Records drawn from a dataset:
· · · · · · ·

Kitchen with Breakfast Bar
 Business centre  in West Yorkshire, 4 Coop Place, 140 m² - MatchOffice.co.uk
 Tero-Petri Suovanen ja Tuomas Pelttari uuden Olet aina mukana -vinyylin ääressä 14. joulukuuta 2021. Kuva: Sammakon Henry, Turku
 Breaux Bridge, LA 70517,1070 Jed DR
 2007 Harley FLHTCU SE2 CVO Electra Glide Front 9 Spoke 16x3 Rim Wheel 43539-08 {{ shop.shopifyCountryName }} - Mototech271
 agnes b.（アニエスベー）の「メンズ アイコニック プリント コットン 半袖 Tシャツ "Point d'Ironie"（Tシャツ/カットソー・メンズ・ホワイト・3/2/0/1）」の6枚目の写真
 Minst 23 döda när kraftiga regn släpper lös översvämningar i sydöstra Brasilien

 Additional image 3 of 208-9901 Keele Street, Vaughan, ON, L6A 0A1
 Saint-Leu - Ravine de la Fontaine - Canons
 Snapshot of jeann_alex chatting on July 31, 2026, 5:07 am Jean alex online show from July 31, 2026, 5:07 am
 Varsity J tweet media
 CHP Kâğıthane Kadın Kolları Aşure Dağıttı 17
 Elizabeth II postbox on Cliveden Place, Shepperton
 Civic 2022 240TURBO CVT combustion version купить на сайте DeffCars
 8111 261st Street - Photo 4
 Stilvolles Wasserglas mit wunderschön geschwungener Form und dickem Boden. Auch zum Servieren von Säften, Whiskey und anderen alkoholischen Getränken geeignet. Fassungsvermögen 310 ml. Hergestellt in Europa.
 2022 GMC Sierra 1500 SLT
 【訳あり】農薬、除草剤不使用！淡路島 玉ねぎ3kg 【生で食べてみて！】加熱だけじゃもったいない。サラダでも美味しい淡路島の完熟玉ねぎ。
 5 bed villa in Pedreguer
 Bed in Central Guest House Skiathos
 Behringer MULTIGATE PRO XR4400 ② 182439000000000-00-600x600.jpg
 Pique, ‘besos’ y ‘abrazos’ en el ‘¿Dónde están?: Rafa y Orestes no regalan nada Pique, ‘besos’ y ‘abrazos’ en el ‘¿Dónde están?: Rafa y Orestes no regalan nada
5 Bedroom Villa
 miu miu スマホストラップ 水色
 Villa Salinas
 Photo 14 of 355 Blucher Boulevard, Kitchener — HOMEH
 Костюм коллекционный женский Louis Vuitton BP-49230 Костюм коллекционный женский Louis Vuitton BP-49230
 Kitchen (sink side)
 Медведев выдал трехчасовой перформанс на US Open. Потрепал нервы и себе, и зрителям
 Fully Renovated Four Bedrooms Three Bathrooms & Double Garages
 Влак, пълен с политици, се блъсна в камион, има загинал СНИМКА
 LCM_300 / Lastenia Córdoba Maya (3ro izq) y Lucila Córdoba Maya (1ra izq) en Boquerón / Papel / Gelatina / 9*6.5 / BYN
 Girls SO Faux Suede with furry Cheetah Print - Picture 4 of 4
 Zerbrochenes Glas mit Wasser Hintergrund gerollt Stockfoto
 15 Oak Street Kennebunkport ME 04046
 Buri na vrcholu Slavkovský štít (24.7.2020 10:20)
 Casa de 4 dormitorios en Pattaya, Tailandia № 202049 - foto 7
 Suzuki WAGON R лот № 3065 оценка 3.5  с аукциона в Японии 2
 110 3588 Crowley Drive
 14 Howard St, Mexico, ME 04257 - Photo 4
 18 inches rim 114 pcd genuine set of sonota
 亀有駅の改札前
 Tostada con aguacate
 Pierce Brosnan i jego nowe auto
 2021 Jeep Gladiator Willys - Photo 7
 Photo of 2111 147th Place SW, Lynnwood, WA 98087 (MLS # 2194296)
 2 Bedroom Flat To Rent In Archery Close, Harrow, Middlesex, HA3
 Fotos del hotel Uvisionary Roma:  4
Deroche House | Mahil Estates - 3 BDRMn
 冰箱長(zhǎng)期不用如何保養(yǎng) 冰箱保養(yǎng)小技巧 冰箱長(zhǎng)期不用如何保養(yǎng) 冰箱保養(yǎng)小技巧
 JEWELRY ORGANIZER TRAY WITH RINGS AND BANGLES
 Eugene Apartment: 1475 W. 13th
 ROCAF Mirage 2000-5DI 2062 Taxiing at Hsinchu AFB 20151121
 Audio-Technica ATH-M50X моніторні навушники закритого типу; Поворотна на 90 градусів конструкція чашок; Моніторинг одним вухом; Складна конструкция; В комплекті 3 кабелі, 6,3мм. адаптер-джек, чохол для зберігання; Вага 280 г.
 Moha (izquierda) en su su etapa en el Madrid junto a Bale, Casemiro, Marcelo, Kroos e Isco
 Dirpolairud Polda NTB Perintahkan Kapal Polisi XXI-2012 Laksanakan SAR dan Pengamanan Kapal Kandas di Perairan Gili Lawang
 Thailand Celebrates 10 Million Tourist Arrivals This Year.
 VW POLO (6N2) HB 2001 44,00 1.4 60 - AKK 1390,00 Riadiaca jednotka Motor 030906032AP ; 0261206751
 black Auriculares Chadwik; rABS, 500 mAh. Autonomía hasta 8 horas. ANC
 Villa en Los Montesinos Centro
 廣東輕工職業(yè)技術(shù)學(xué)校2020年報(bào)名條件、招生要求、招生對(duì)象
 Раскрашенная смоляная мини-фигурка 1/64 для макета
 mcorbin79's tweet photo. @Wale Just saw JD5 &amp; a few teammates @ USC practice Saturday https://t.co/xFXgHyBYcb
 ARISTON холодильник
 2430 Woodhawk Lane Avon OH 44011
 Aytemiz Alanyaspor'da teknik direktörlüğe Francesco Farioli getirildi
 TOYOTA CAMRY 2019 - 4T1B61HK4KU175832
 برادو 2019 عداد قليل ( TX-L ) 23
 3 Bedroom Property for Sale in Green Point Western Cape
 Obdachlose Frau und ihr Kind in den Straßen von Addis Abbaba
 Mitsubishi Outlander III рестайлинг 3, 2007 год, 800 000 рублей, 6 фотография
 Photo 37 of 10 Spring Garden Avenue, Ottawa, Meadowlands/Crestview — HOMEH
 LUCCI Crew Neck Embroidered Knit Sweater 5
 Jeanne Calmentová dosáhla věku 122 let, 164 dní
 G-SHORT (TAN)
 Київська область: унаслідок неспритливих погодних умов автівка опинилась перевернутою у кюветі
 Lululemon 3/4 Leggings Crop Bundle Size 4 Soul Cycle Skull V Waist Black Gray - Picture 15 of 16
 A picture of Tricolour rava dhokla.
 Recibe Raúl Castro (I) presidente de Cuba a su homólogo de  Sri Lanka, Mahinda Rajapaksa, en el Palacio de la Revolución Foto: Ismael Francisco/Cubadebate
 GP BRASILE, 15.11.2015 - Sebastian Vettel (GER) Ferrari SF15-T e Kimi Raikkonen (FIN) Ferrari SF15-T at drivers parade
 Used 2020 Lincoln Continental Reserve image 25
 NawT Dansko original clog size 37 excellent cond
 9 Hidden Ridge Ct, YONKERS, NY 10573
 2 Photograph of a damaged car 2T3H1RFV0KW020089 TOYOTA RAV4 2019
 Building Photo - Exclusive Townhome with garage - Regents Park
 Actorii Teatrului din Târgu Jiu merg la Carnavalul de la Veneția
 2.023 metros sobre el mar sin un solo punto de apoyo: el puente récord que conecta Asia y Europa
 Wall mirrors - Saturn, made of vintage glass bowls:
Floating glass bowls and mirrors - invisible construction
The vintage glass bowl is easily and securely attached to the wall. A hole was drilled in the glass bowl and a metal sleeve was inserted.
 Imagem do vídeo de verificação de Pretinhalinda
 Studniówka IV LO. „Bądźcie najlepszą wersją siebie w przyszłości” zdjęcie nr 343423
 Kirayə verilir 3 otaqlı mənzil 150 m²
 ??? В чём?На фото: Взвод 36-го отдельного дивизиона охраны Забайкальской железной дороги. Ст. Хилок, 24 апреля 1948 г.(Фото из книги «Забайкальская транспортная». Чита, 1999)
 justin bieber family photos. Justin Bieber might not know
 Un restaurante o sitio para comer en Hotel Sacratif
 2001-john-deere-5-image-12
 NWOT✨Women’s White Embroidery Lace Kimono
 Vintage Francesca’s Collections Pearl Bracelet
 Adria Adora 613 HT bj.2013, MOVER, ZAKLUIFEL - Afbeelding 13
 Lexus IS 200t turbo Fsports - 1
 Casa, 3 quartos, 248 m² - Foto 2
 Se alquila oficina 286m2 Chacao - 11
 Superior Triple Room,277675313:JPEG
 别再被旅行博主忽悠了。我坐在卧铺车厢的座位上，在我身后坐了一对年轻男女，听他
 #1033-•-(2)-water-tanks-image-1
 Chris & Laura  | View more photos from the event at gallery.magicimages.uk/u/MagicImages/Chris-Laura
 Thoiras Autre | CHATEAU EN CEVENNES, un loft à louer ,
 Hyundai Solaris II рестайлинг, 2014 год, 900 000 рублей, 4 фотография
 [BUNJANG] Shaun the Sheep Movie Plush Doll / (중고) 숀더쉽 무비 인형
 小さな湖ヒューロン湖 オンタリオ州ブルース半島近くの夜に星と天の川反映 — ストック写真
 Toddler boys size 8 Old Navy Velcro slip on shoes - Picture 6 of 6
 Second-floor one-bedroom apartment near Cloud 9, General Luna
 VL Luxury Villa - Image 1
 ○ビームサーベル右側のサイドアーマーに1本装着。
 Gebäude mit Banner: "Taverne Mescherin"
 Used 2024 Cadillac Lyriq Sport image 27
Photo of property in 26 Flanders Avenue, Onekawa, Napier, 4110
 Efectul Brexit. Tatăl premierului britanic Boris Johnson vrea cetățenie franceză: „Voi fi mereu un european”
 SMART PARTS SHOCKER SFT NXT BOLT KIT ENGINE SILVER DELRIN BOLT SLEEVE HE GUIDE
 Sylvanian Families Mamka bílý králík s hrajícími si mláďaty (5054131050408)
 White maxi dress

· · · · · · ·

** Task instructions **
What is the number of lines in the data that include "photos"? Answer with that number alone.

** Answer section **
2